::: Data extracts :::

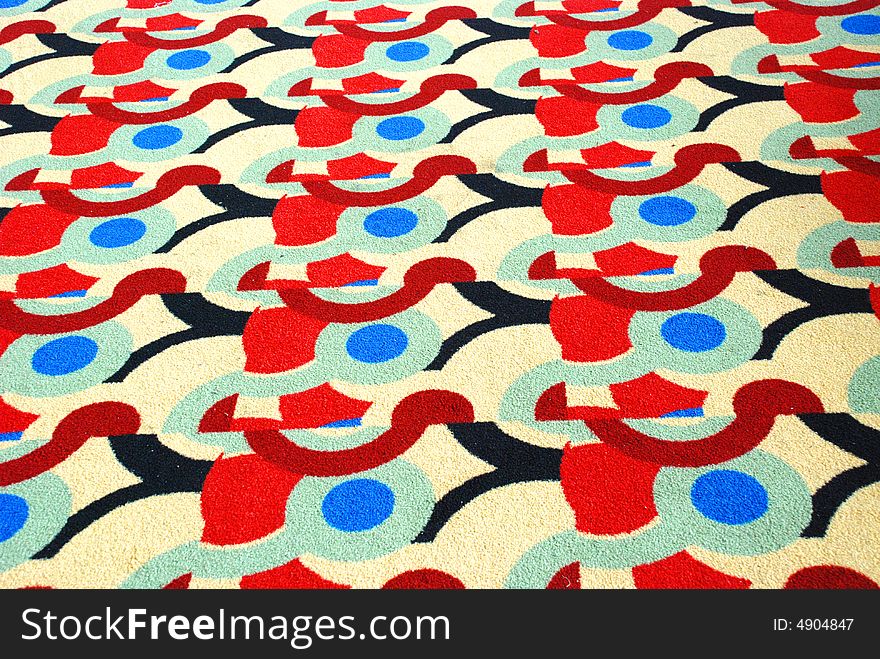 An old felt carpet of colorful patterns. An old felt carpet of colorful patterns.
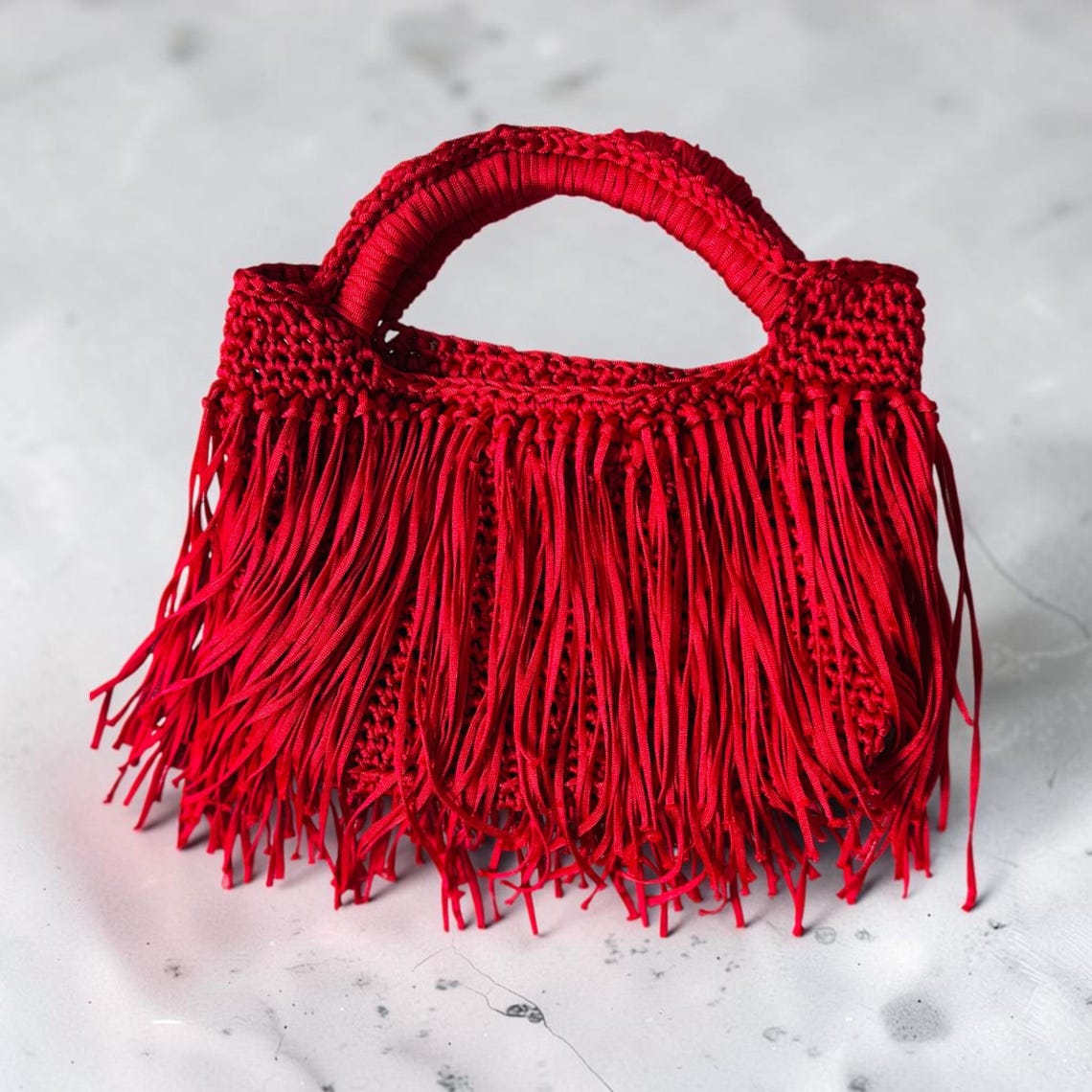 Red crochet mini bag with flowing fringe detail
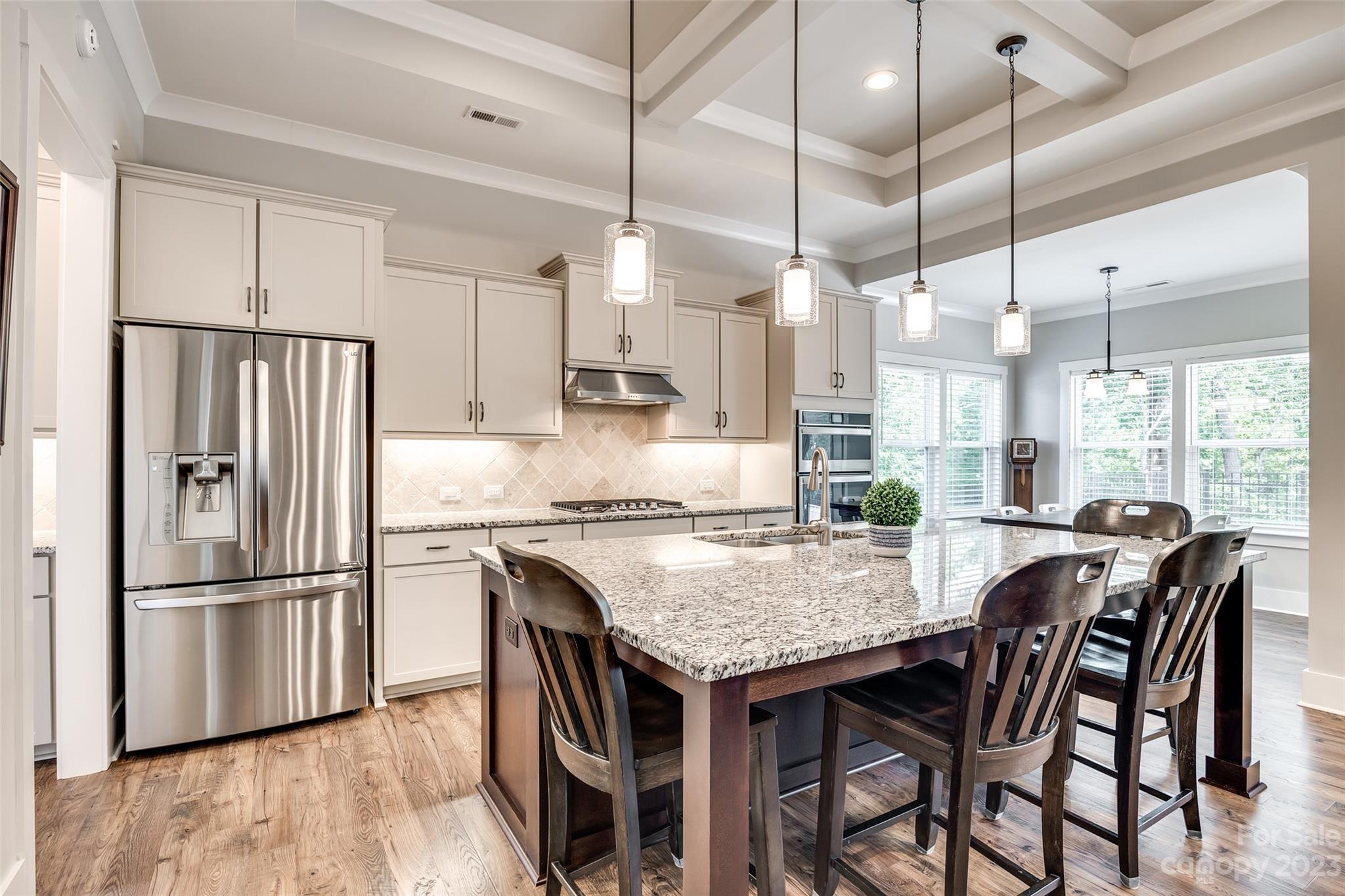 5284 Admirals Landing Lancaster, SC 29720 - Photo 12 of 48 a kitchen with granite countertop a table chairs stainless steel appliances and wooden floor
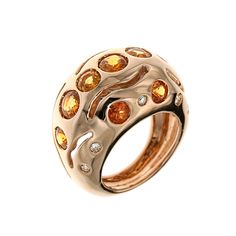 Rose gold 18k ring with orange sapphires 3.90 ctw and diamonds 0.20 ctw Finger Size 5 1/2, can be resized. Handcraftd in Italy by Botta Gioielli. It is stamped with the Italian Mark 750 - 716MI Handcrafted in: 18k rose gold. 10 brilliant cut natural orange sapphires: 3.90 ctw. 10 brillian cut natural diamonds: 0.20 ctw. Finger size: Us 5.5, Italian 11, French 51. Total weight: 16 grams. ________________________________________________________________________ Something about Botta Gioielli... Bot Rose Gold Cocktail, Sapphire Cocktail Ring, Gold Cocktail Ring, Gold Cocktail, Orange Sapphire, Diamond Cocktail Rings, Modern Ring, Domed Ring, Classic Ring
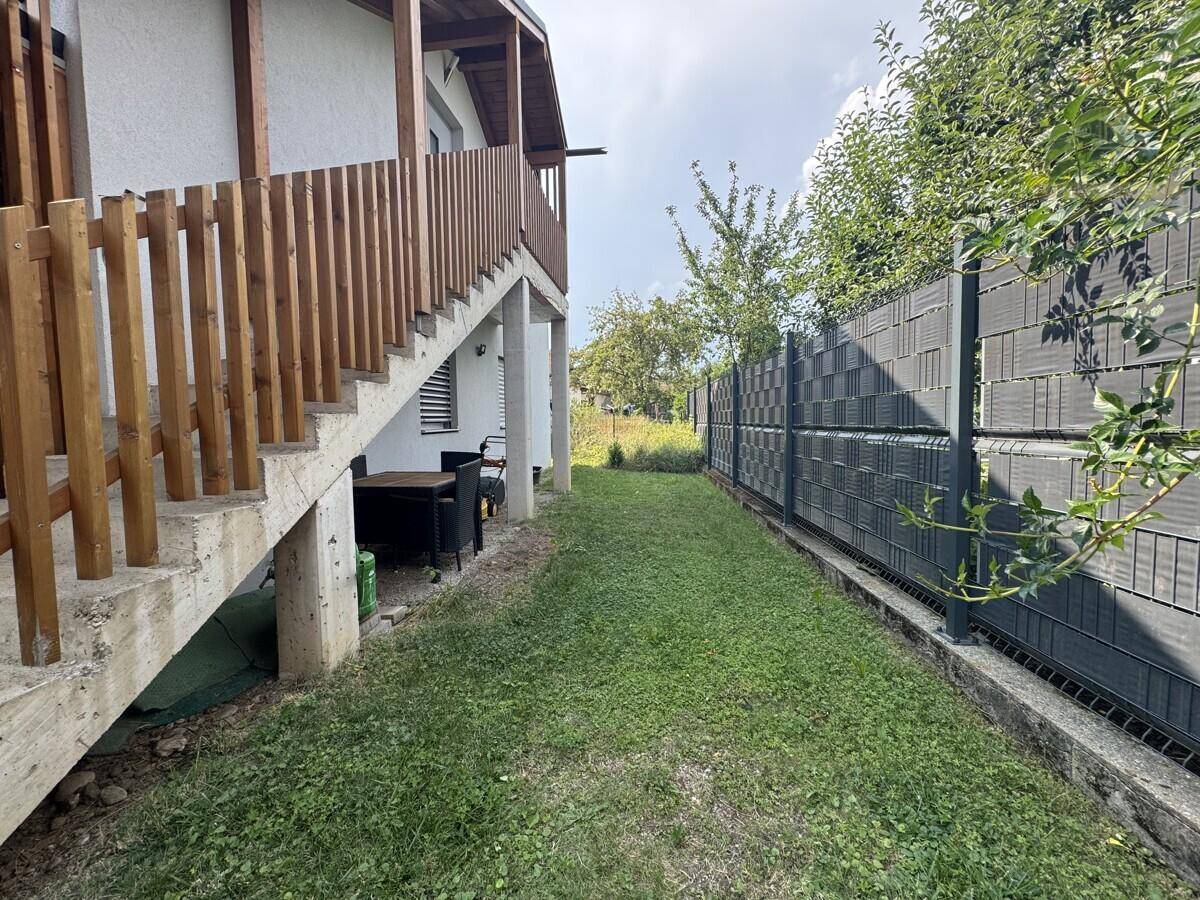 Grüner Gartenbereich neben dem Haus mit Außentreppe und einem Zaun.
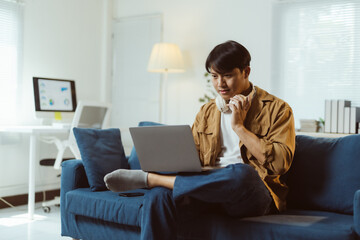 Young Asian man sitting comfortably on a sofa in his living room, working from home while using a...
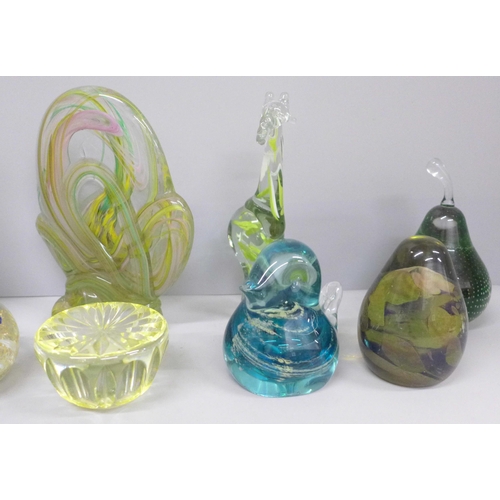 702 - A collection of glass paperweights including two Mdina birds, green glass flask and a Swaziland glas... 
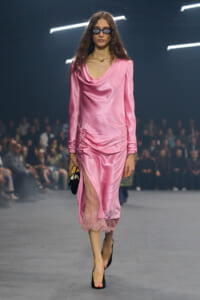 Model walking a fashion runway in a pink satin draped midi dress with a thigh-high slit and lace trim, paired with black heels and sunglasses.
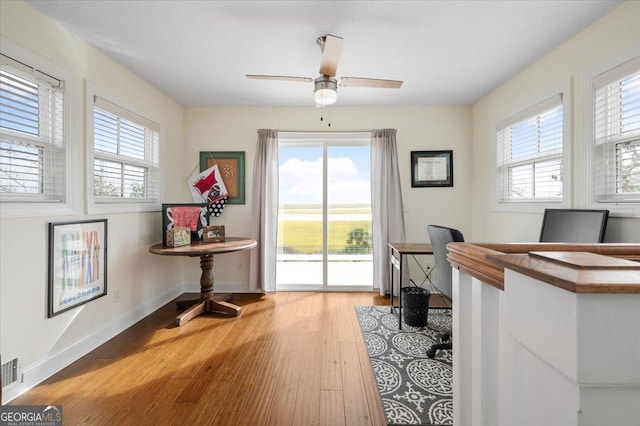 interior space with ceiling fan and light hardwood / wood-style floors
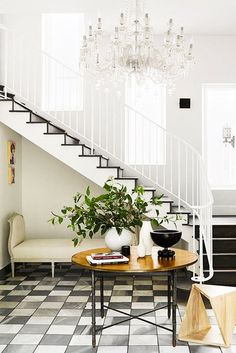 a living room filled with furniture and a chandelier hanging from the side of a stair case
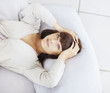Cute woman lying on a pillow and holding head in tension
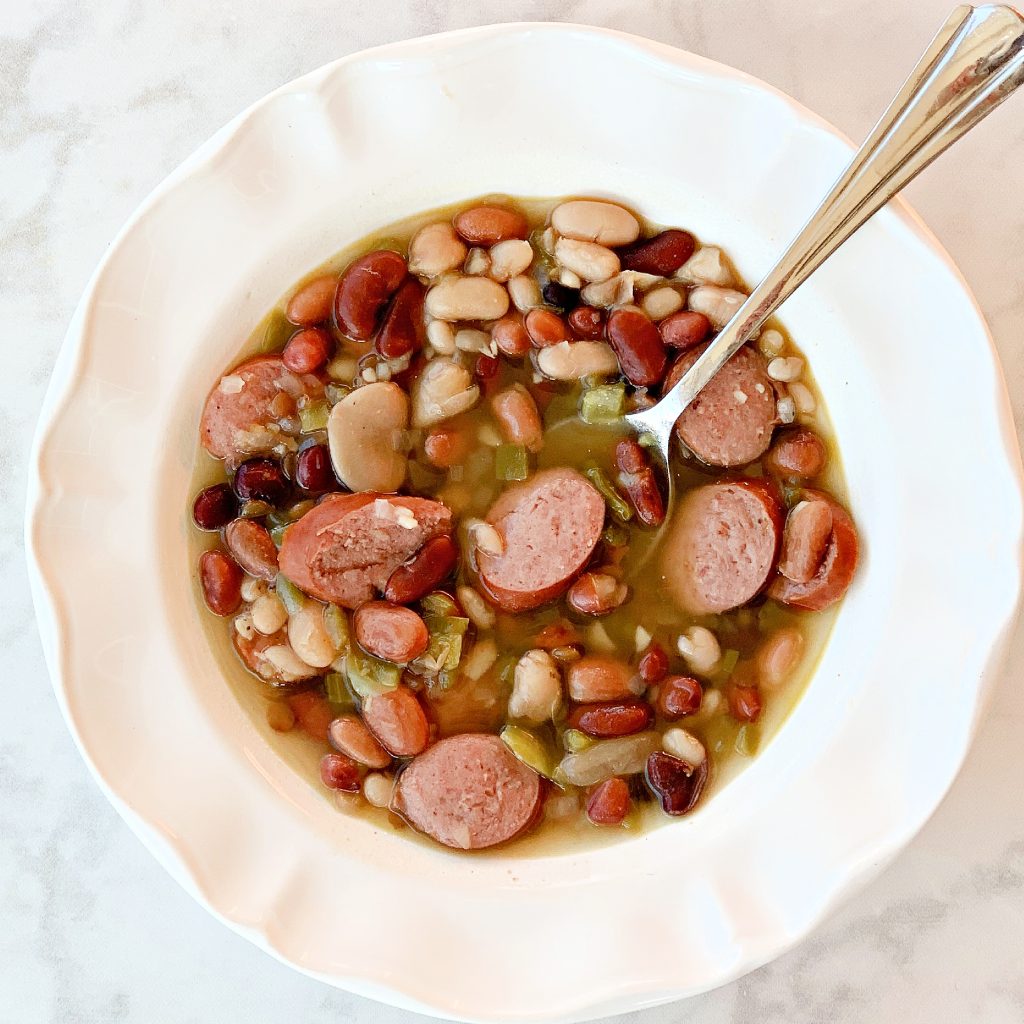closeup overhead view of Instant Pot 15 bean soup with sausage in a white bowl with spoon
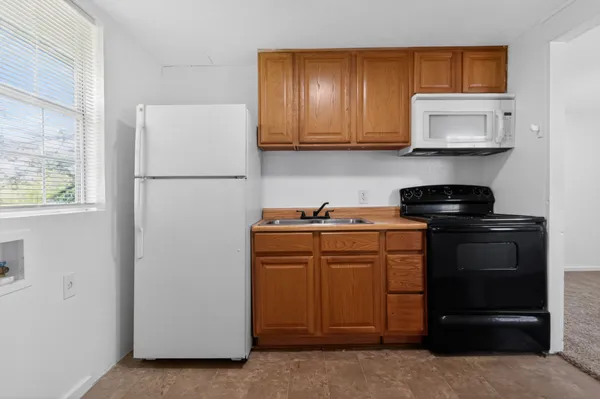 a view of a storage and utility room with washer and dryer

:::

Pictures should not appear in the copy. Write out exactly the lines above from the first one through the line that contains "5284 Admirals Landing".

 An old felt carpet of colorful patterns. An old felt carpet of colorful patterns.
 Red crochet mini bag with flowing fringe detail
 5284 Admirals Landing Lancaster, SC 29720 - Photo 12 of 48 a kitchen with granite countertop a table chairs stainless steel appliances and wooden floor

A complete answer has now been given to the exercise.